All-comers studies with polymer-free sirolimus-eluting stents (PF-SES) have demonstrated safety and efficacy in Asian and European patients [8,9]. The objective of this clinical assessment in a real-world PF-SES population was to investigate whether there are ethnic or geographical differences in terms of baseline characteristics, clinical outcomes and DAPT preferences (ClinicalTrials.gov Identifiers: NCT02629575 and NCT02905214).

Materials and methods

Study design

Adult patients were prospectively enrolled in 82 European and Asian centers in the international ISAR 2000 all-comers registry (ClinicalTrials.gov Identifier NCT02629575) [8,9] and the ISAR 2000 all-comers extended registry (ClinicalTrials.gov Identifier NCT02905214). A follow-up window of 9–12 months was allowed to accommodate for national differences. All relevant ethics committees approved the study protocol prior to patient recruitment.

Ethics approval

In France, these non-interventional studies were approved by the Comité Consultative sur le Traitement de l’Information en matière de Recherche dans le domaine de la Santé (CCTIRS dossier no. 14.613) and the Commission Nationale de l’informatique et des Libertés (CNIL, demande d’autorisation n°915019). In other countries ethics votes were obtained from relevant national and/or local ethics committees prior to patient recruitment. A complete list of ethics approvals is provided in Appendix 1. All patients were informed and consented in written form prior to their study inclusion. The signed consent forms and patient information were archived at the participating centers to meet data protection regulations. There were no waivers issued for a deviation from this procedure.

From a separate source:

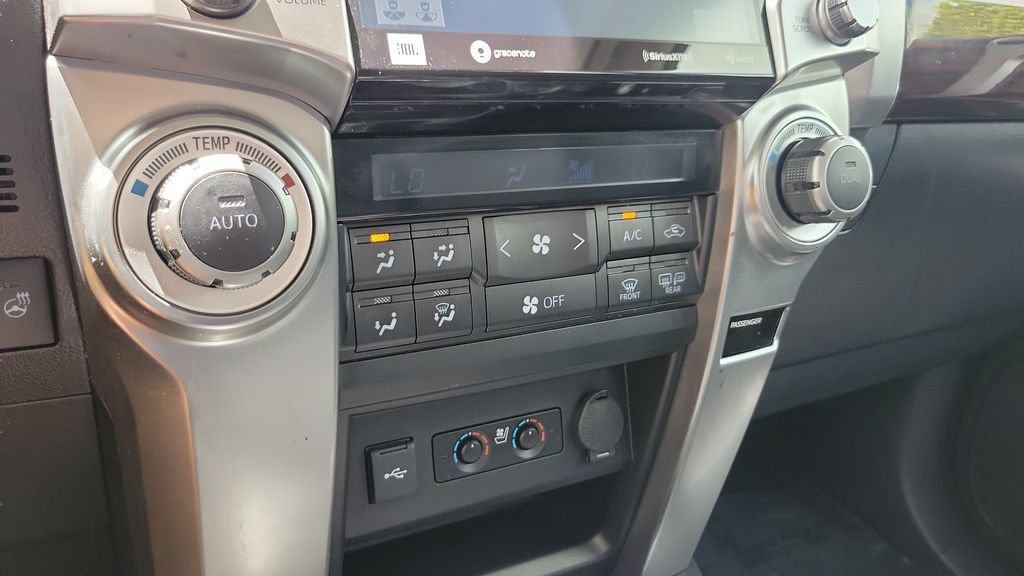 Certified 2024 Toyota 4Runner Limited AWD/4WD image 19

End points and definitions

The accumulated target lesion revascularization rate (TLR, coronary artery bypass grafting and Re-PCI) was the primary endpoint. Secondary endpoints were the rates of myocardial infarction (MI), all-cause death and major adverse cardiac events (MACE) consisting of TLR, MI and all-cause death. The all-cause death rate was used to define MACE at 9–12 months while cardiac death was only defined during hospitalization. The ARC criteria [10] were used to define acute/subacute stent thromboses (ST) whereas bleeding events were defined according to the BARC classification [11]. Minor bleeding was defined with BARC 1 and 2 whereas major bleeding episodes were BARC 3a-5.

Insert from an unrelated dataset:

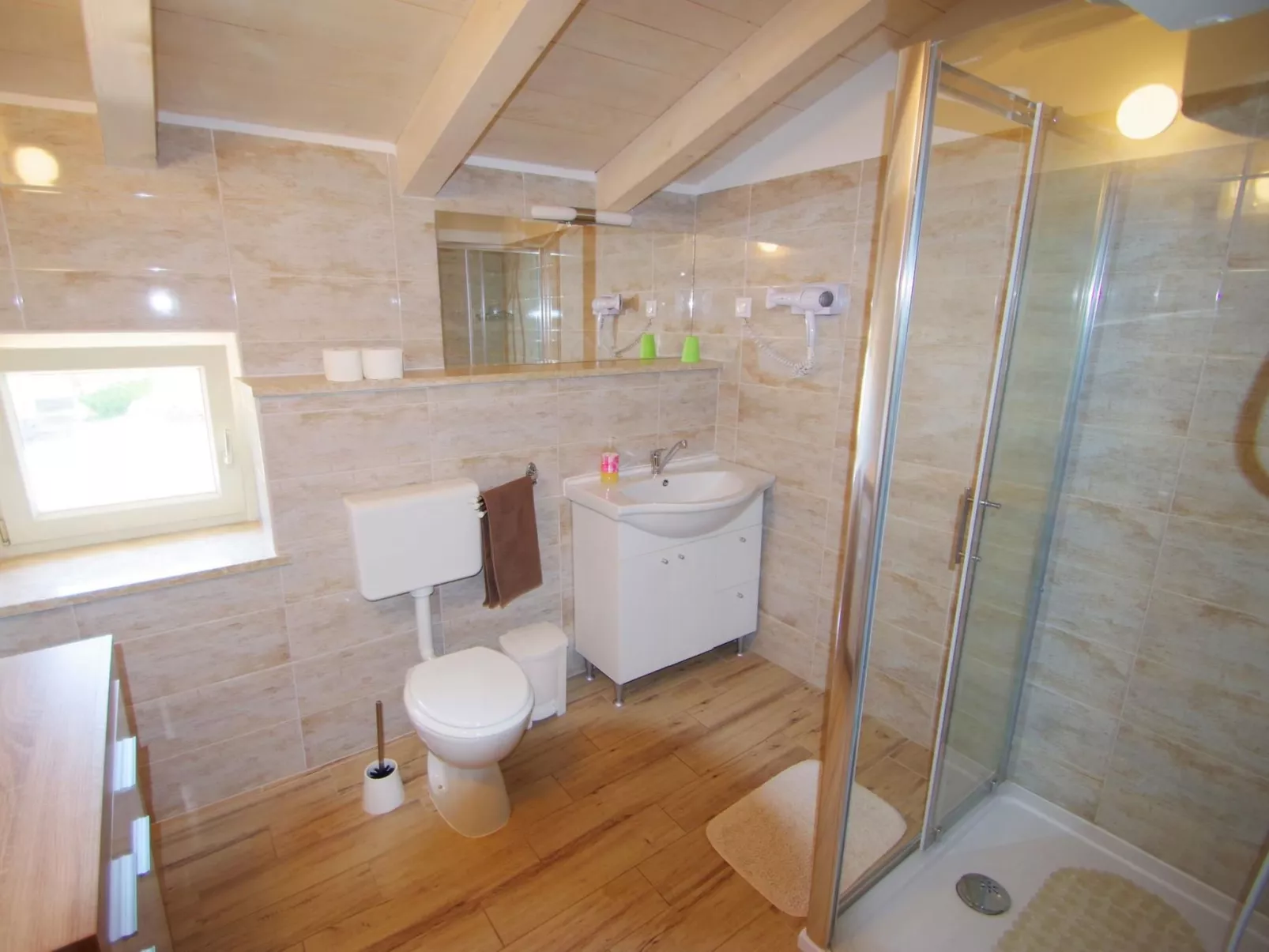 In Kavran mit Terrasse und Grill-Binnen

The criteria for renal insufficiency and mandatory dialysis were glomerular filtration rate (GFR) < 90 mL/min/1.73m2 and a cut-off GFR rate < 15 mL/min/1.73 m2 respectively. Severe tortuous vessels were defined by the angulation criterion of >45°.

Centers

Cardiac centers in 39 Asian (South Korea, Malaysia) and 43 European countries (Croatia, Czech Republic, France, Germany, Slovakia, Spain) prospectively enrolled patients.

Materials

An ultrathin strut polymer-free sirolimus eluting stent technology (PF-SES, Coroflex© ISAR or Coroflex© ISAR NEO, B.Braun Melsungen AG, Germany) was used in this pooled study. The PF-SES has a probucol-sirolimus coating on the abluminal side and was previously described by Krackhardt et al. [8] PF-SES were implanted following each institution’s guidelines and preferences. Preclinical data with this PF-SES and early optical coherence tomography data suggested rapid stent strut coverage [12].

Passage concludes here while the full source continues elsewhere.